Patient’s quality of life will be affected in the physical and psychological limitations of their
ability to cope successfully. Padilla et al. (1992) found a significant relationship between social
support and uncertainty; indicating that as social support increases the uncertainty decreases.
Both uncertainty in illness and problems with coping skills will lead to added distress for the
patient and their families (Padilla et al., 1992).Families must find a way to create the appropriate
amount of uncertainty and certainty to maintain coping skills and minimize stress.

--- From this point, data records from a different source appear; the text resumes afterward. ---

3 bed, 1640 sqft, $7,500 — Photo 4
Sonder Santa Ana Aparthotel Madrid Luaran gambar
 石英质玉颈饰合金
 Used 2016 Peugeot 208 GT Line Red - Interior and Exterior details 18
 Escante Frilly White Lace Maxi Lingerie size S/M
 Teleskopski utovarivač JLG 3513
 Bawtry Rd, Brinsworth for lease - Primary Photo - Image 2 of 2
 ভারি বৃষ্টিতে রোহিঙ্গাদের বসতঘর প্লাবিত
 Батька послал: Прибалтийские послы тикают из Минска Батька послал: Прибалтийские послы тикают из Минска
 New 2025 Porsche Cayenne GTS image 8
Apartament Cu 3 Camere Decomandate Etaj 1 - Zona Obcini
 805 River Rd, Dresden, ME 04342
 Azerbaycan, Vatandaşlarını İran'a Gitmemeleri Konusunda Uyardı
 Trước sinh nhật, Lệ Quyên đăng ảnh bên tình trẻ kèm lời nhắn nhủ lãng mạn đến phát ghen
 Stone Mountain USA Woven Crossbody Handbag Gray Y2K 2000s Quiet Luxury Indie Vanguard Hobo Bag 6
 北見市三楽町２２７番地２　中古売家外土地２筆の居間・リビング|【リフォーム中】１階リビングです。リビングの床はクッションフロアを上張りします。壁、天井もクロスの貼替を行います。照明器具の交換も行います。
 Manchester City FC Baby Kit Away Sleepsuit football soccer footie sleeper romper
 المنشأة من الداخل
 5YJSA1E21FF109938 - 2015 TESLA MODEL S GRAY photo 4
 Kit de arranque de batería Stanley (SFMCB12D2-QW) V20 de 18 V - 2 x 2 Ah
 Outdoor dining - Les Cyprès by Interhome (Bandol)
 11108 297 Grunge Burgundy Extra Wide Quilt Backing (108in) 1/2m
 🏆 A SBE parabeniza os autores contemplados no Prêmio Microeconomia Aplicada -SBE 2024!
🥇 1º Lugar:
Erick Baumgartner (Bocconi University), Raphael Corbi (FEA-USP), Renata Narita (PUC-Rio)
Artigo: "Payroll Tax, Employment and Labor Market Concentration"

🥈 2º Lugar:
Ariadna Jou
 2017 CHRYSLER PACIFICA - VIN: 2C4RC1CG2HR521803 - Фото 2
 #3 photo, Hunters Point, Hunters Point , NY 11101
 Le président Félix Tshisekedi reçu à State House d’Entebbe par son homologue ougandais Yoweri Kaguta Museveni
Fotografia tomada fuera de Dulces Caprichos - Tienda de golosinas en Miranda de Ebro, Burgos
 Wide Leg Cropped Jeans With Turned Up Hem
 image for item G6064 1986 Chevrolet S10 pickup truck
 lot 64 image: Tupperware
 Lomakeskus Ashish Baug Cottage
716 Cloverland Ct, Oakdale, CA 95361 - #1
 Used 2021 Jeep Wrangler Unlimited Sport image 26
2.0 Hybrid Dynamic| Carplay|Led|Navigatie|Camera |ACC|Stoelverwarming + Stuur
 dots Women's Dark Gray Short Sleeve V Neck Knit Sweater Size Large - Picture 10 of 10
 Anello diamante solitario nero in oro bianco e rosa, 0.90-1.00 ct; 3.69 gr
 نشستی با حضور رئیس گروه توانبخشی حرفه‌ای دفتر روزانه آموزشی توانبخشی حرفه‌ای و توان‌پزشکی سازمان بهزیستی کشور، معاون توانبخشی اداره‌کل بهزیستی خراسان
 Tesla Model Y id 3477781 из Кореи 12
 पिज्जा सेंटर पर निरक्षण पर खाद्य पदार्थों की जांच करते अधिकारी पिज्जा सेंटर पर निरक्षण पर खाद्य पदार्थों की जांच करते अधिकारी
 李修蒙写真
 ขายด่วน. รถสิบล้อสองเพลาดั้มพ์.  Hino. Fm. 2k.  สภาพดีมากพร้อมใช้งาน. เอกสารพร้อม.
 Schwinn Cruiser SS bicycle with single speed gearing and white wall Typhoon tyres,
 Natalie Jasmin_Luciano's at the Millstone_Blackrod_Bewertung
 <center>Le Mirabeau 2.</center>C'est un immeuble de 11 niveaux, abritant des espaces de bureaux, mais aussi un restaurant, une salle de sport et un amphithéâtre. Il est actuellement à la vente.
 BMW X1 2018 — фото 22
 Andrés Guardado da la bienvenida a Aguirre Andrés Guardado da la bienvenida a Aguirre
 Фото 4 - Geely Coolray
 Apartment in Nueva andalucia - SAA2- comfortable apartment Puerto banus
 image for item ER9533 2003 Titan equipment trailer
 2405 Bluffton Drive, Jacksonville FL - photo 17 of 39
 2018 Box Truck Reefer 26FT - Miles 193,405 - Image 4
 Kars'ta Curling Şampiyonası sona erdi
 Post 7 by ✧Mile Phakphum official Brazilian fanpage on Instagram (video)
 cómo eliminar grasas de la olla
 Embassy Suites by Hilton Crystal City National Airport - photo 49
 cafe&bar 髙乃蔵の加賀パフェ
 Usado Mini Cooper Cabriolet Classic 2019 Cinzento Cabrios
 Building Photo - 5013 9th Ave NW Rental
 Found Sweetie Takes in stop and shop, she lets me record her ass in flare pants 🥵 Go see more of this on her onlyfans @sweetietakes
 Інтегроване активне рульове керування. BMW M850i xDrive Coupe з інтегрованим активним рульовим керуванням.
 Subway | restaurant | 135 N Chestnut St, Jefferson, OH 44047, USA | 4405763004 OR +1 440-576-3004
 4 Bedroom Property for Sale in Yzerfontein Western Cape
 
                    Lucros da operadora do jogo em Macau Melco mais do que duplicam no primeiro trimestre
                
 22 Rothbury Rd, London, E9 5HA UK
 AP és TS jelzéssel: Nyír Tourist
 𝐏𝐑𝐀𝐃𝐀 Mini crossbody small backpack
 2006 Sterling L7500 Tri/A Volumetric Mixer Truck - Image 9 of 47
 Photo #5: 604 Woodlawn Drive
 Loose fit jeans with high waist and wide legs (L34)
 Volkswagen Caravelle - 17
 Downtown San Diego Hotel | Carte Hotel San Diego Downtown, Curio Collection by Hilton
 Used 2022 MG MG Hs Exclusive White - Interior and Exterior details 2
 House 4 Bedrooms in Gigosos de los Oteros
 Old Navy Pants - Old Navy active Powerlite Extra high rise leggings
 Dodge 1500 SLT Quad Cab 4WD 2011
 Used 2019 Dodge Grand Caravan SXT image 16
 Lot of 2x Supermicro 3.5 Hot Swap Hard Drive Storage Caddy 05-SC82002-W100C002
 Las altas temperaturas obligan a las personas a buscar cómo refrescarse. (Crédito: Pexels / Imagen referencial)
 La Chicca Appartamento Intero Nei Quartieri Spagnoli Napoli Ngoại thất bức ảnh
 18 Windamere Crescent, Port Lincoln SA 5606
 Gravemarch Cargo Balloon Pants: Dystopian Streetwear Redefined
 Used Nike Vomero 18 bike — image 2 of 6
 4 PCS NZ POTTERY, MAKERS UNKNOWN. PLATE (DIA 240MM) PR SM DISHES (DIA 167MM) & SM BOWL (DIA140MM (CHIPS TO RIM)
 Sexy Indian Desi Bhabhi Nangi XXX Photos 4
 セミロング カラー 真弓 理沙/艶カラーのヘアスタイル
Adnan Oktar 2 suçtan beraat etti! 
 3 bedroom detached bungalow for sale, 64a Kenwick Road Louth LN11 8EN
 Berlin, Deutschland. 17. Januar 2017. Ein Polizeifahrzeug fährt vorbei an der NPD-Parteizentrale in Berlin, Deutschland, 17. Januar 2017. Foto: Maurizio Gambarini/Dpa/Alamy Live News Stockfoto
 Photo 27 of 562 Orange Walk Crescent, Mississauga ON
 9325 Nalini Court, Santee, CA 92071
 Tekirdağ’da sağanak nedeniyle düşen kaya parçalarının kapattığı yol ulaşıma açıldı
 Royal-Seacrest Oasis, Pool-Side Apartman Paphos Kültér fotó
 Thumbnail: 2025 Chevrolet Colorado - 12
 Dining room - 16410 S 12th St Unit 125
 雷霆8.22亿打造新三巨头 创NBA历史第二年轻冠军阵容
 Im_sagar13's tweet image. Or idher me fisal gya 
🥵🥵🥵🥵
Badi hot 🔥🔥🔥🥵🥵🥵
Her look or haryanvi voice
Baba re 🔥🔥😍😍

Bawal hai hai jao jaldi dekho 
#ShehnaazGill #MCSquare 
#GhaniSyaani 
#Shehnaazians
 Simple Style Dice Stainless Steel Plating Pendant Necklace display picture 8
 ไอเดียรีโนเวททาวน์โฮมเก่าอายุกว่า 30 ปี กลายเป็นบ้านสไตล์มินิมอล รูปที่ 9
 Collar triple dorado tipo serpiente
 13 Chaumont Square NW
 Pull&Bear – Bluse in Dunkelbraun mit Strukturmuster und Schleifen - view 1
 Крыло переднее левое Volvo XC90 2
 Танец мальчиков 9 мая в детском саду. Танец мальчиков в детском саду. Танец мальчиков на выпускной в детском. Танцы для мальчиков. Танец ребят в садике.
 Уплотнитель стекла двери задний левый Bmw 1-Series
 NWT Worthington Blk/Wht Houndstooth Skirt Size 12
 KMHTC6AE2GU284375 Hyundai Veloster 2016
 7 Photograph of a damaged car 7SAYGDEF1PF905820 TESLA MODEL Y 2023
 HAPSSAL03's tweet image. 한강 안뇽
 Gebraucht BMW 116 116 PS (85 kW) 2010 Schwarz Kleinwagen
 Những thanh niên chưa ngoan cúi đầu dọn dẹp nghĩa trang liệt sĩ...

Uncertainty in psychology.
Psychology explains uncertainty as the condition of being uncertain, having doubt or
actually existing. Uncertainty in mental health practices can create anxiety and is guarded against
because it can be seen as an inevitable outcome to poor practice (Franks, 2004). The feeling of
uncertainty for many healthcare professionals is a reality; struggling to understand, make sense
of and care for patients with complex behavioral and emotional problems. Current trends in the
mental health field are related to promoting certainty in the form of standardizing and regulating
practices (Franks, 2004). According to Taylor (1983), cognitive adaptation can occur when
threatening events arise. Cognitive adaptation is the means by which human beings bounce back
from threatening or stressful events. Emotions and the pyschophysiological correlates are
thought to play an important role in decision-making under pressure (Studer & Clark, 2011).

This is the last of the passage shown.